Top of Recorded information

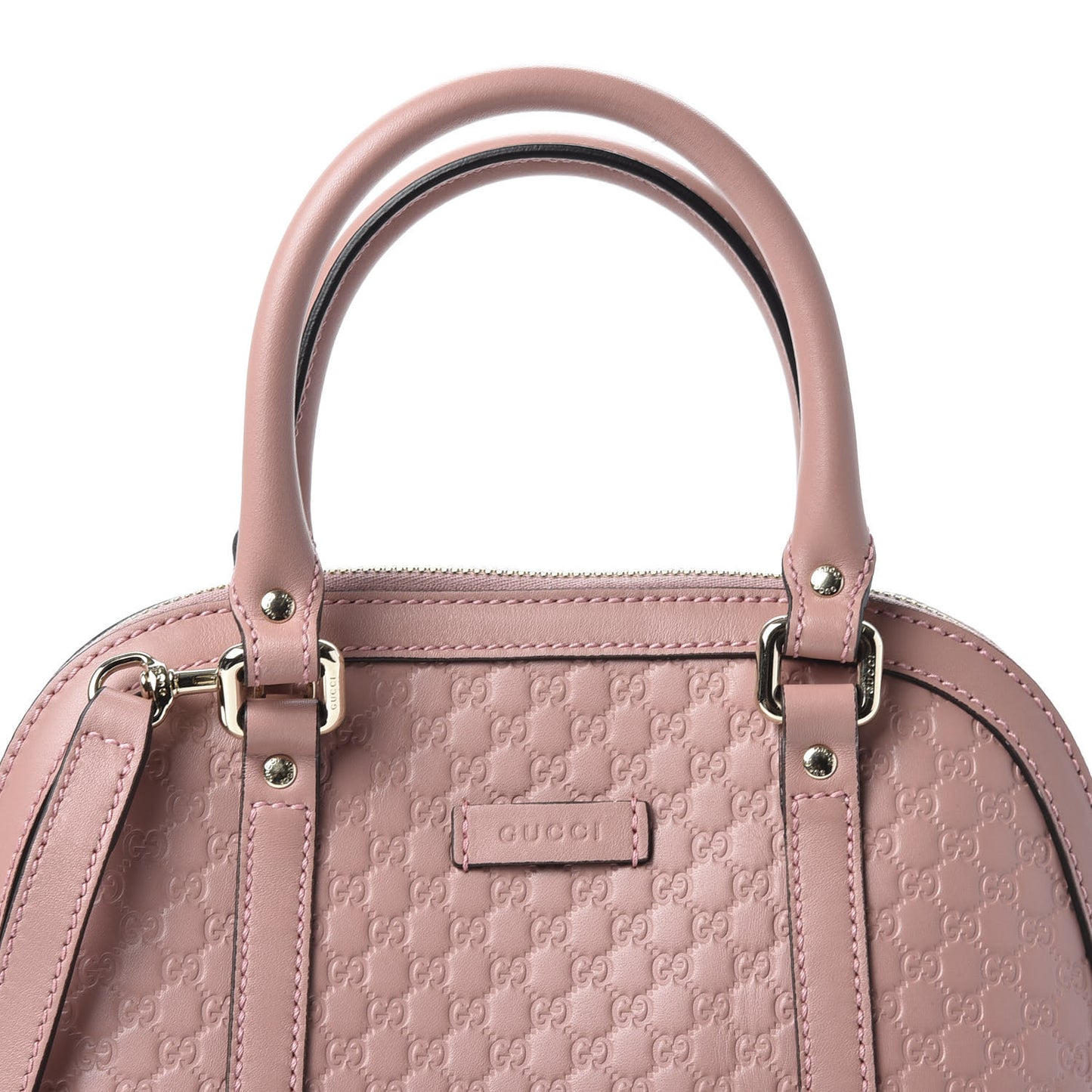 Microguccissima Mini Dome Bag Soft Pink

Bottom of Recorded information
Top of Recorded information

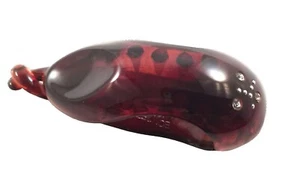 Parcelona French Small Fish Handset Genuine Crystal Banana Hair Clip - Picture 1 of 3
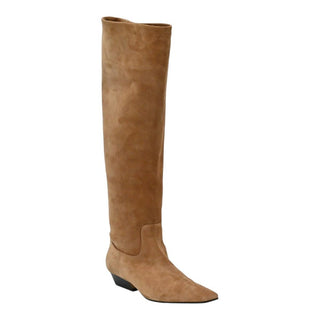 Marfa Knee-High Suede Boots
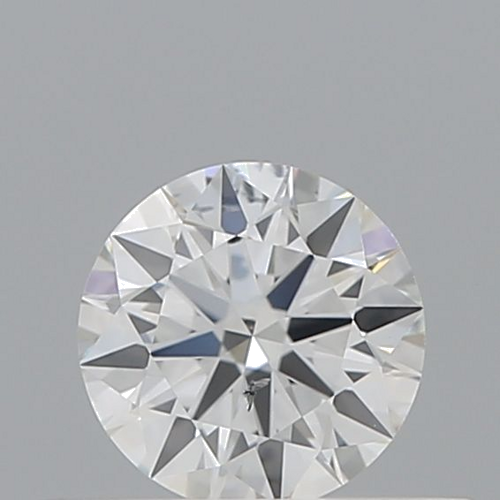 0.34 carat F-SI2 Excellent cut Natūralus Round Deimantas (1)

Bottom of Recorded information
Top of Recorded information

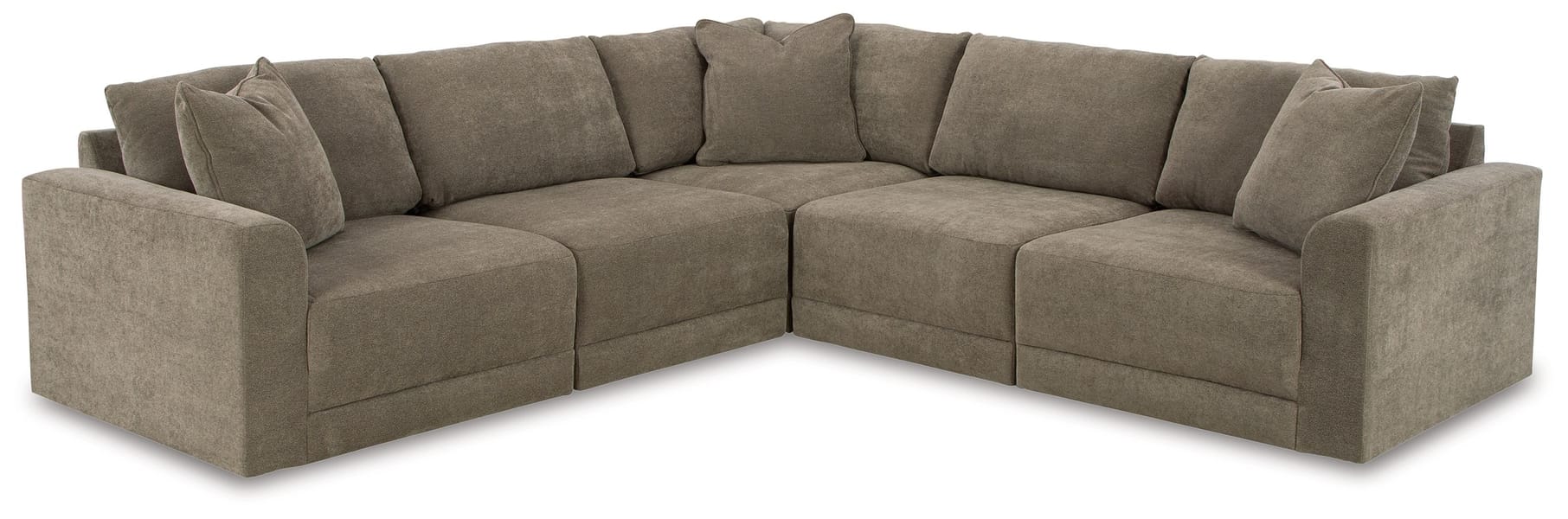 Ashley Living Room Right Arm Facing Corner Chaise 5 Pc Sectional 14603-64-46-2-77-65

Bottom of Recorded information

Starting at the line above that holds "Parcelona French Small", return each line up to and including the one that holds "0.34 carat F-SI2", exactly as written, minus any pictures.

▶ [Reply]
 Parcelona French Small Fish Handset Genuine Crystal Banana Hair Clip - Picture 1 of 3
 Marfa Knee-High Suede Boots
 0.34 carat F-SI2 Excellent cut Natūralus Round Deimantas (1)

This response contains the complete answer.